As a result of writing the post about feministe’s latest anti-sex-work fuckup, I’ve ended up with a long list of stuff-everyone-should-read-about related to sex-work activism. And then my computer crashed, and most of it was lost, except what I had already included in the stub that ended up becoming this post. So here is the list of items that survived the crash, and which everyone should read. And at the bottom are the twitter feeds of sex worker’s rights advocates (so you can get this kind of info yourself, if you’re on twitter):
http://thinkprogress.org/economy/2013/09/11/2606691/strippers-independent-contractors/ — An example of what can happen when sex workers are able to use labor law to defend themselves from their exploiters
http://www.irinnews.org/report/98689/analysis-sex-workers-bear-brunt-of-war-on-trafficking — An article about the actual effects (rather than stated intent) of anti-trafficking enforcement in Asian countries. Excerpts:
Regardless of the objective of the operations, “rescue raids of sex establishments have exacerbated violence against sex workers and compromised their safety,” say the World Health Organization (WHO) and the Global Coalition on Women and AIDS.
The problem with the raid and rescue industry is that it uses some of the most oppressive arms of the state to target sex workers – the police […]. Whether sex workers have been trafficked or not, their understanding of what the police do is very different than that of other people because they are so often targeted as sex workers, migrants, transgender people, or for other reasons.

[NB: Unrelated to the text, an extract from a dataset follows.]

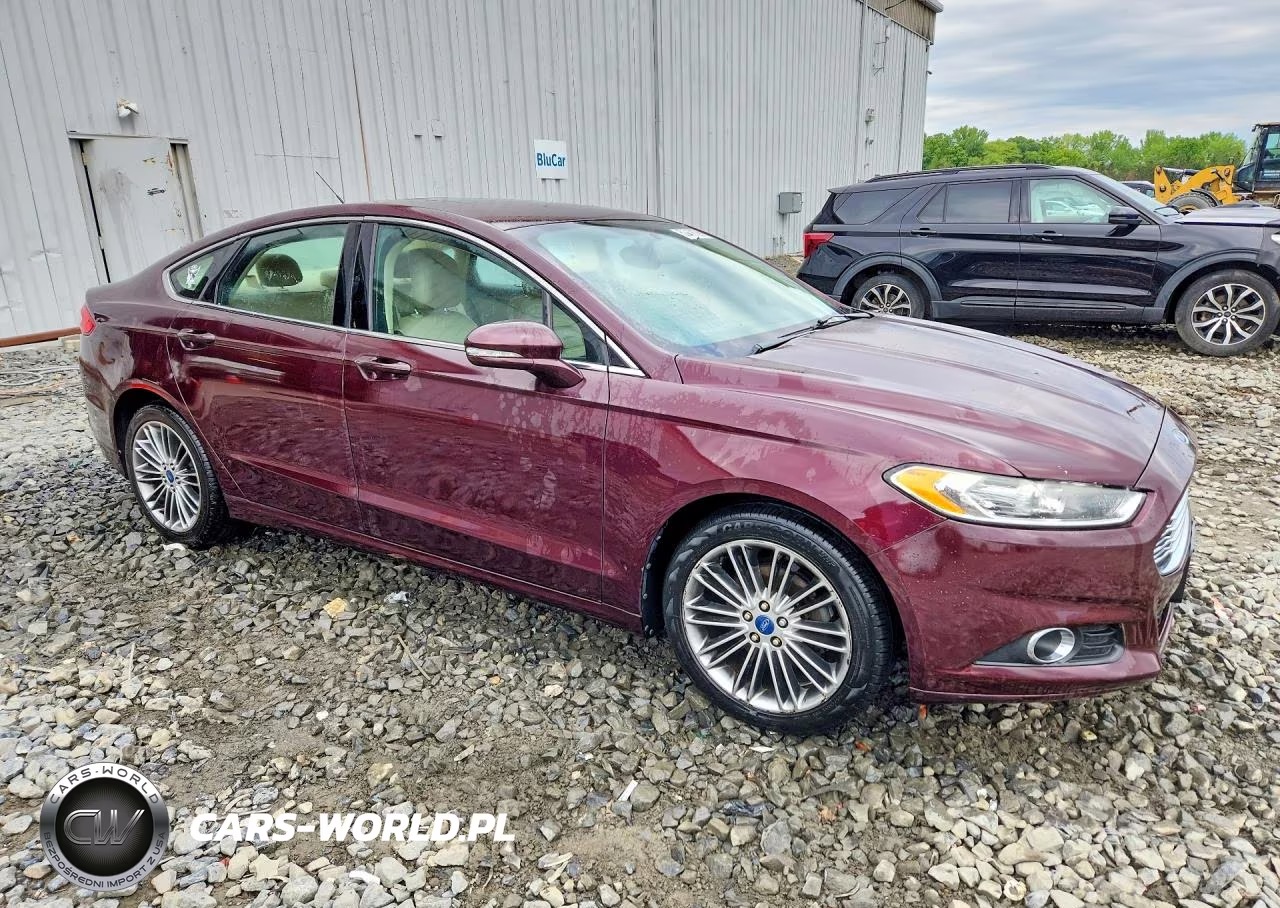 2013 Ford Fusion Se VIN:3FA6P0HR5DR187529 - 4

http://titsandsass.com/the-merseyside-model-part-i-can-sex-worker-activists-partner-with-the-police-and-a-conservative-london-politician/ — For some contrast, what it looks like when police actually works for the protection of sex workers, not against them. Excerpts:
In Merseyside, England, violence against sex workers is treated by the police as a hate crime. This means that when a sex worker is the victim of an assault, robbery, or rape, she or he can report the incident without fear of being charged with prostitution, because the police have agreed to place a higher priority on convicting the criminals who harm sex workers over criminalizing sex workers.
As a result of this shift in policing strategies in Liverpool, the rate of conviction for crimes against sex workers rose dramatically to 83%, whereas the national average of such convictions in the UK is only 6.5%. Within only 18 months of the implementation of the hate crime policy in 2006, sex workers increased their reporting of violent crimes by 400%. Besides reducing individual acts of violence against sex workers, this shift in priorities also reduces systemic violence, by sending a message to society at large that the unique oppression faced by sex workers is not acceptable.
https://pi.library.yorku.ca/ojs/index.php/cws/article/viewFile/6408/5596 — Article published in Canadian Woman Studies in 2003, about the panicked reaction to increased migration (a rather predictable outcome of globalization). Excerpts:
The current moment of globalization is witnessing an extraordinary movement of people, legitimate and illegitimate, across national and international borders. These movements are exposing the porosity of borders, the transnational reality of subaltern existence, and the contingent foundations of international law. And this global movement of people has created a panic across borders- a panic which is manifesting itself in the strengthening of border controls, tightening of immigration laws and casting of the “Other” as a threat to the security of the (First World) nation-state.
Women’s cross-border movements continue to be addressed primarily through anti-trafficking discourse at the international, regional, and domestic level. […] women, especially from the postcolonial world, are cast as either victims, incapable of decisionmaking or consenting, sexual deviants, disrupting the moral and social fabric of the sexually sanitized West and or dangerous “Others,” threatening the security of the nation state
The disadvantaged migrant woman becomes the ideal worker from the standpoint of capital and integral to sustaining the current structure of the economy. This situation of illegality and disadvantage also renders migrant women vulnerable to exploitative and forced labour like conditions of work.
http://rhrealitycheck.org/article/2010/12/16/draft-normal-husband-beat-wife-workers-domestic-violence-cambodia — Article about how Cambodian society treats domestic violence as a private dispute, with negative consequences for sex workers, and the organization that fights this. Excerpts:
Solving violence committed by husbands and partners is very difficult. Sometimes the [Cambodian Prostitute Union] calls the police to intervene when members have experienced domestic violence. Officers then come to the house and say to the husband: ‘If you do this again, we will arrest you.’ But the next day they will say that domestic violence is a family matter that should be resolved in the family, and that they do not want to encourage divorce.
The CPU also assists the women to make a formal complaint to the local authorities and will accompany them to ensure that they are not discriminated against. Safe shelter with relevant women’s legal and human rights organisations will also be sought for women who experience extreme violence, at the request of the women. Whilst the CPU cannot provide direct legal assistance, it refers sex workers to supportive local legal or human rights organisations that can provide advice and a lawyer if a sex worker wishes to take the case to court.